McDonough’s appearance at the conference for the group, which is strongly critical of the policies of Israeli Prime Minister Benjamin Netanyahu, comes at a low point in ties between the Obama and Netanyahu governments.
Obama administration officials have sharply criticized aspects of Netanyahu’s campaign for reelection, including his repudiation of a two-state solution and his appeal to voters on election day Tuesday to head to the polls to counter the “droves of Arab voters.”
Netanyahu won a third consecutive term in the election and is about to launch coalition talks. President Barack Obama has yet to congratulate him, although John Kerry, the secretary of state, has done so.
Additionally, Obama and Netanyahu have clashed over Obama’s strategy to keep Iran from acquiring a nuclear weapon. Netanyahu opposes talks underway between Iran and the major powers, which Netanyahu says will leave Iran a nuclear threshold state.
The two-state solution will feature prominently at the conference, which will include lawmakers in the new Knesset who represent parties backing an outcome that features an Israeli and Palestinian state existing alongside one another.
Another featured speaker will be James Baker, the secretary of state under President George H. W. Bush who clashed with a right-wing predecessor of Netanyahu, the late Israeli Prime Minister Yitzhak Shamir. Baker is currently advising Bush’s son, Jeb Bush, the former Florida governor vying for the GOP nod for the 2016 election.
There will also be sessions on Iran and on J Street’s role in the wider Jewish community.
The conference comes as the group has staked out a niche backing liberal Democrats who tend to break from centrist pro-Israel Orthodoxy, but also a year after it failed to gain entry into the community’s foreign policy umbrella, the Conference of Presidents of Major American Jewish Organizations.
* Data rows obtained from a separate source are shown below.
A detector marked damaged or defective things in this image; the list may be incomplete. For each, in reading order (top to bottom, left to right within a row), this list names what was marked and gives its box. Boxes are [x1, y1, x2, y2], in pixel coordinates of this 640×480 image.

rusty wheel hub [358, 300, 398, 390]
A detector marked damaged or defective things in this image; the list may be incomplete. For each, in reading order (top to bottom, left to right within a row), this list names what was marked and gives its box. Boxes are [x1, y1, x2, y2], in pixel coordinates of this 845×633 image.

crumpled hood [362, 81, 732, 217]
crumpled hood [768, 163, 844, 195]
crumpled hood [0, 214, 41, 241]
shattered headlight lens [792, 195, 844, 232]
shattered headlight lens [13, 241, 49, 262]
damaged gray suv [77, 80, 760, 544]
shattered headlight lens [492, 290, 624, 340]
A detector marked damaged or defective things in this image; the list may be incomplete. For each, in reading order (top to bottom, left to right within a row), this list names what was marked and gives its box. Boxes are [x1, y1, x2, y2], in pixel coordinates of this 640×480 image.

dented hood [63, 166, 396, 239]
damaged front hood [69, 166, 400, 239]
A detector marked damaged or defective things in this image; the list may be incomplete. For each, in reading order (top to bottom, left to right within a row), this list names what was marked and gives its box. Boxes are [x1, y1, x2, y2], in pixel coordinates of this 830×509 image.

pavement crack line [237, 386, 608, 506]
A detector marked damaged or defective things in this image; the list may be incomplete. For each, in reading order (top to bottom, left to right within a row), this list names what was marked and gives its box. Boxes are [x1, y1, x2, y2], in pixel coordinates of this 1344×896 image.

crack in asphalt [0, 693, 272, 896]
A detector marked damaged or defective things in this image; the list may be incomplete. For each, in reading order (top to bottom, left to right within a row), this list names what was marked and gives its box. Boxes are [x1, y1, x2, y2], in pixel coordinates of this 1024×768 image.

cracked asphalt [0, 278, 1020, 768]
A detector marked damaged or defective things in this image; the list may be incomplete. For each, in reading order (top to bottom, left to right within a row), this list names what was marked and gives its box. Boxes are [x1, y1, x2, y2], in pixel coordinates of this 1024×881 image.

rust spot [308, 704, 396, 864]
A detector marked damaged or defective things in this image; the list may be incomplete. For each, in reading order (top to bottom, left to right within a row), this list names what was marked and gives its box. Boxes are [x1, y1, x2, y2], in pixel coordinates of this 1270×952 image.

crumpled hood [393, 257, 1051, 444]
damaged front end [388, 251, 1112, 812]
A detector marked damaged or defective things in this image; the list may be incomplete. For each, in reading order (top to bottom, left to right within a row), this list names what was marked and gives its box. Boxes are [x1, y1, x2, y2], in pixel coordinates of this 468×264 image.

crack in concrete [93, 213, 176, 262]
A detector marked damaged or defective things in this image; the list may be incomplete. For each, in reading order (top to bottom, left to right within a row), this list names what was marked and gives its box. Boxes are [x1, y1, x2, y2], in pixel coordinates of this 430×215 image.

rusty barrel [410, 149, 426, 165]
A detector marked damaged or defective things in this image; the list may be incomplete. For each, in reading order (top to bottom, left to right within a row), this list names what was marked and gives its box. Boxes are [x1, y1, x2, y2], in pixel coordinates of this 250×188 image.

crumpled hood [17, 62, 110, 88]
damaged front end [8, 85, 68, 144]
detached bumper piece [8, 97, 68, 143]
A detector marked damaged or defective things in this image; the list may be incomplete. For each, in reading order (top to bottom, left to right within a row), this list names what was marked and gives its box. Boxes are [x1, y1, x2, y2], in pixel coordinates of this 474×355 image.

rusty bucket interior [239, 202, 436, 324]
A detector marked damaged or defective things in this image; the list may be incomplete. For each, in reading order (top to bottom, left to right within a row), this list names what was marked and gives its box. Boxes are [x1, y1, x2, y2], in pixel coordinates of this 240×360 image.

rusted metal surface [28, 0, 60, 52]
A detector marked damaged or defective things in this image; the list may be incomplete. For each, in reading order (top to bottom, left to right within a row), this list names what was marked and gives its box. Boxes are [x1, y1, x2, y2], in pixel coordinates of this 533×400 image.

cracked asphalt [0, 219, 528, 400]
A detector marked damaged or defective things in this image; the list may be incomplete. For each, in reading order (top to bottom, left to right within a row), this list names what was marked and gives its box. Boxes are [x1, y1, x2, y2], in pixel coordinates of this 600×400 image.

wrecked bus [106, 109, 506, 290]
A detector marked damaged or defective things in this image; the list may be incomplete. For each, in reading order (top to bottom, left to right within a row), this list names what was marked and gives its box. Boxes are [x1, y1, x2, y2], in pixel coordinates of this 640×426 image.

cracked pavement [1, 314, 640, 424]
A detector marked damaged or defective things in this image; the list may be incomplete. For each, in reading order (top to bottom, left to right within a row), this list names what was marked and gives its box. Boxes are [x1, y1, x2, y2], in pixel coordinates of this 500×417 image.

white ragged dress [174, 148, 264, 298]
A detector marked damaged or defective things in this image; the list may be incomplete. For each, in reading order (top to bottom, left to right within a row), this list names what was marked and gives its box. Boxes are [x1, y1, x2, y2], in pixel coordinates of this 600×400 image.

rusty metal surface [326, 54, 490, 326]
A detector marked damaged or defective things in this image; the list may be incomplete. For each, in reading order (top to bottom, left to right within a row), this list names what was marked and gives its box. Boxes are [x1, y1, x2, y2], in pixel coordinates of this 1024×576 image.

Eric Fingerhut, the CEO of Hillel International, this month cancelled his appearance at the conference, under apparent pressure from donors.
“Our job is to fix the broken politics in the Congress and on the Hill and to contribute to the dialogue in American Jewish community,” Alan Elsner, J Street’s vice president for communications, said in an interview. “You can be seen as a lover of Israel without backing every single policy the Israeli government takes.”